# Tactical Bunnies... *Must See!



## js (Jun 29, 2006)

Japanese Movie Trailer for the anime series Cat Shit One...

Let me say this...

Two thumbs up! :smt023:smt023


----------



## bruce333 (Sep 1, 2006)

I don't know...at 1:56 Packy runs out of ammo, throws the rifle to the ground and draws sidearm. What? No 3 point sling? That's not a proper transition...:smt076



:anim_lol:


----------



## Todd (Jul 3, 2006)

I think we have a new term to add to the list; Tactical Bunny.


----------



## kev74 (Mar 22, 2008)

Nice! I can't wait to see the kiddie toys they'll put in happy meals for this. :anim_lol:


----------



## js (Jun 29, 2006)

Todd said:


> I think we have a new term to add to the list; Tactical Bunny.


:smt023


----------



## Todd (Jul 3, 2006)

js said:


> :smt023


Great avatar!


----------



## js (Jun 29, 2006)

Todd said:


> Great avatar!


----------



## JackCrow (Mar 10, 2009)

Brilliant! :smt023:smt023

CS-1, making war cute and fuzzy!


----------



## jc27310 (Dec 14, 2008)

thats pretty awesome!

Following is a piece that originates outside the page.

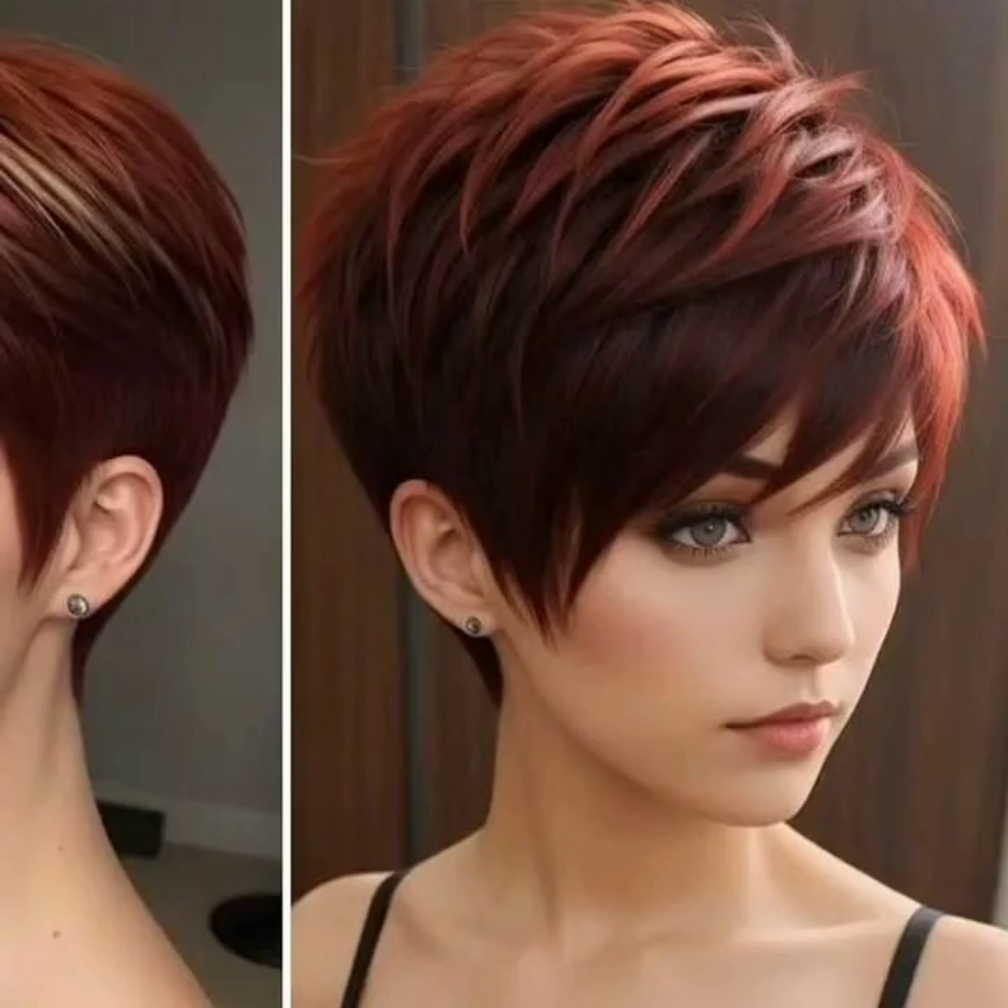These hairstyles are ideal for the summer season. If you are an office woman or a business girl, then these ideas will help you a lot to look different and gorgeous. You will get amazing ideas for haircuts. You can choose a hairstyle according to your personality and your choice.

I have to crack up with the voices though... I kind of want the voices and mouths to be out of sync...


----------



## Razorback58 (Mar 20, 2009)

You won't see these guys bringing any Easter eggs! :anim_lol:


----------



## clanger (Jan 27, 2009)

Razorback58 said:


> You won't see these guys bringing any Easter eggs! :anim_lol:


If they did? Prolly got 'pin's' in them.

Tradin' in the easter basket for a range bag they is!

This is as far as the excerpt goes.